Еда была главной в мире женщин, которых я знала, они делились друг с другом рецептами, щедро накладывали плов с поджаристой маслянистой корочкой, передавали друг другу долму и домашнюю пахлаву. Рты следовало держать закрытыми, хотя у всех женщин моей семьи были рты, способные говорить.
У матери моей мамы губы всегда были крепко сжаты, словно она злилась и не давала словам выйти наружу, она была немногословна и почти не говорила ни с кем из нас. Она обратилась ко мне дважды.

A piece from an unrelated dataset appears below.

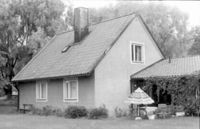 Bostadshus på Sundby sjukhusområde vid Strängnäs 1986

В первый раз она сказала мне только одно слово: ilan
[19]. Я стояла в огороде и собирала траву, когда вдруг услышала громкое и отчетливое «змея», она рукой указывала на землю рядом со мной: я опустила голову и увидела, как по траве ползет длинная красная змея.В остальное время она с нами совсем не говорила, она была швеей, и не обыкновенной швеей, а главной швеей маленькой грузинской деревни. Она шила одежду практически для всех женщин в округе, ее сундуки были набиты красивыми белыми наволочками с вышивками гладью, кружевными салфетками, сделанными вручную, — целый день из-за двери ее комнаты слышался стук швейной машинки, ритмичное столкновение педали и пола.
Бабушкины сундуки всегда были полны полотенец, салфеток, скатертей, жакетов, юбок, ночных сорочек. Каждое утро в их с мужем дом приходили женщины: женщины-соседки, женщины-родственницы, женщины-издалека, женщины-по-рекомендации — каждая приносила с собой листок со старательно написанными от руки списками желаний. Главным и первым пунктом в списке каждой был, конечно, джехиз[20]

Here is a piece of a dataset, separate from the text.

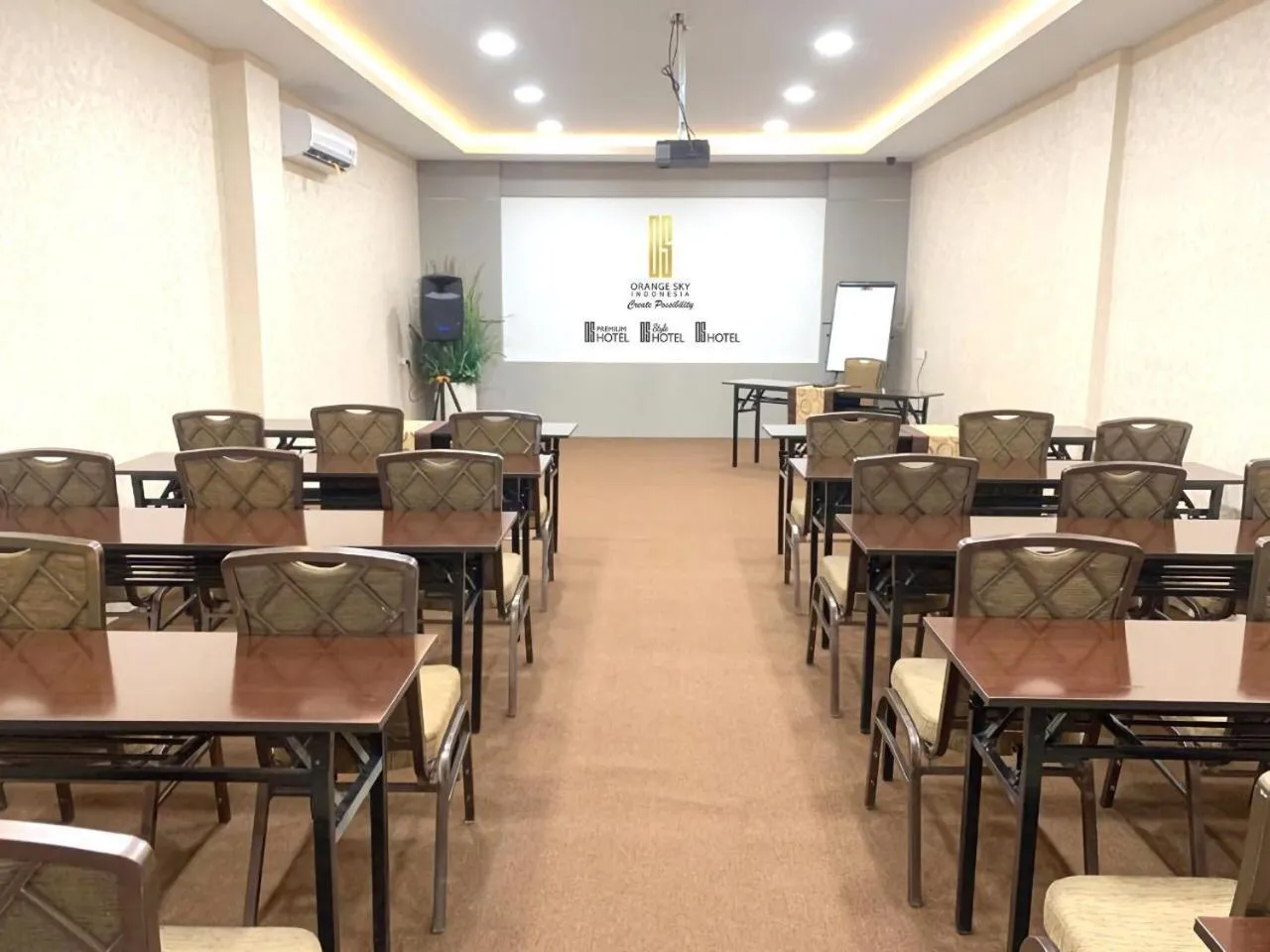Meeting/conference room in Sky View Hotel Managed by OS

. Все до единой просили самые красивые простыни, наволочки, покрывала для своих дочерей, будущих невест. Они долго оценивали каждый стежок на салфетке, пытаясь найти изъяны в ее вышивке, старались подешевле заполучить жилетку или новое платье: но с бабушкой это не работало. Она холодно поворачивала голову и без слов вырывала одежду из рук недовольных. Ей не приходилось упрашивать покупателей: она знала цену каждому шву на ткани и точно знала — не эта, так другая. Осознав правила игры, покупательницы стремились быстрее остальных увидеть самое красивое, а главное — купить. В отдельном почете был сундук с детской одеждой, там хранились распашонки, пеленки, детские шапочки, — заветные атрибуты будущего материнства и беззаботной старости, ведь в деревне все знали: дети, как трость для ходьбы, со временем окупят все траты.Только после ее смерти я узнала, что в сундуке лежало кое-что и для меня: это был желтый жилет с большими пуговицами. Интересно, почему именно его она решила оставить мне? Почему не платье или юбку? Я всегда задавалась этим вопросом, но так и не смогла на него ответить.

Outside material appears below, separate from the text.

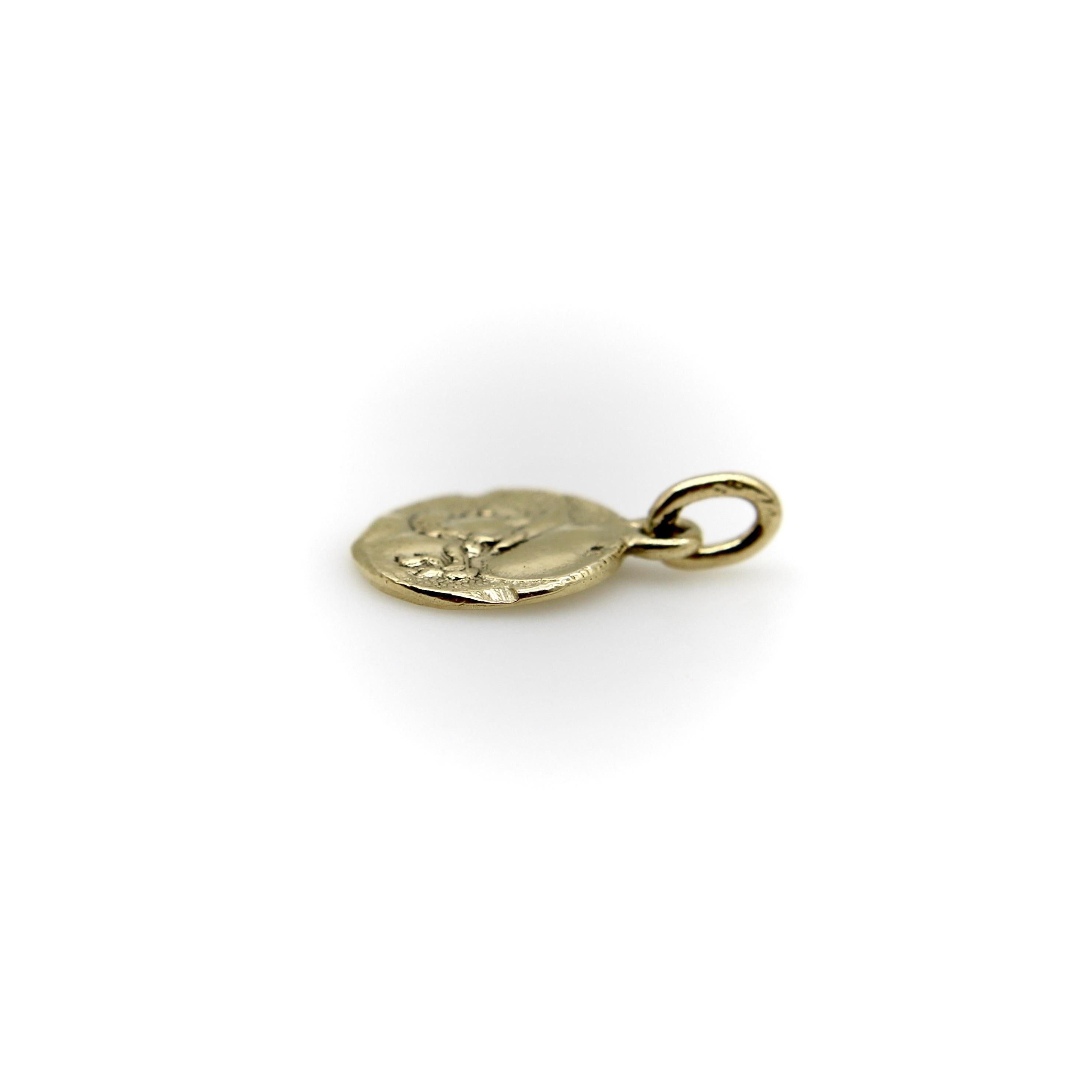 Pendentif en or 14K Signature Mars Warrior Neuf - En vente à Venice, CA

Когда я услышала ее голос второй раз, она говорила не со мной. Она бредила за стеной и ругалась на деда: она уже знала, что умирает, знала, что ей осталось совсем недолго, она яростно выкрикивала проклятия и клялась деду, что, если он посмеет привести в дом другую женщину, она не даст ему жизни с того света. Ее панически пугала мысль о том, что он может любить кого-то еще, что какая-то другая женщина будет прикасаться к ее сундукам, к ее любимой швейной машинке, будет ходить по дому, который она построила своими руками. Когда она умерла, в доме стало еще тише, чем раньше. Соседи стекались во двор, чтобы принести свои соболезнования. Именно в тот день — день прощания с ней — я попробовала то, что мой рот никогда не забудет. Это была поминальная халва, ярко-оранжевого цвета, она была сладкой и очень вкусной: это было самое вкусное, что я когда-либо ела. Никогда я не испытывала такого стыда, как тогда: как я могу наслаждаться тем, что напрямую связано со смертью бабушки? Я ела и ела эту халву, руки от нее становились жирными и липкими, но я всё не могла насытиться. В доме слышались женские рыдания; казалось, что сам дом плачет и оплакивает ее уход.
Рот матери отца я никогда не видела, но я знала, что до самой смерти она никогда не перечила мужу: все ее слова превращались в дела, в приготовление пищи, в уборку, в шитье, ее словами были шакер-бура[21]
, кутабы с зеленью и сыром, буглама, чыгыртма[22]. Каждый раз, когда она хотела что-то сказать, ее руки готовили еду.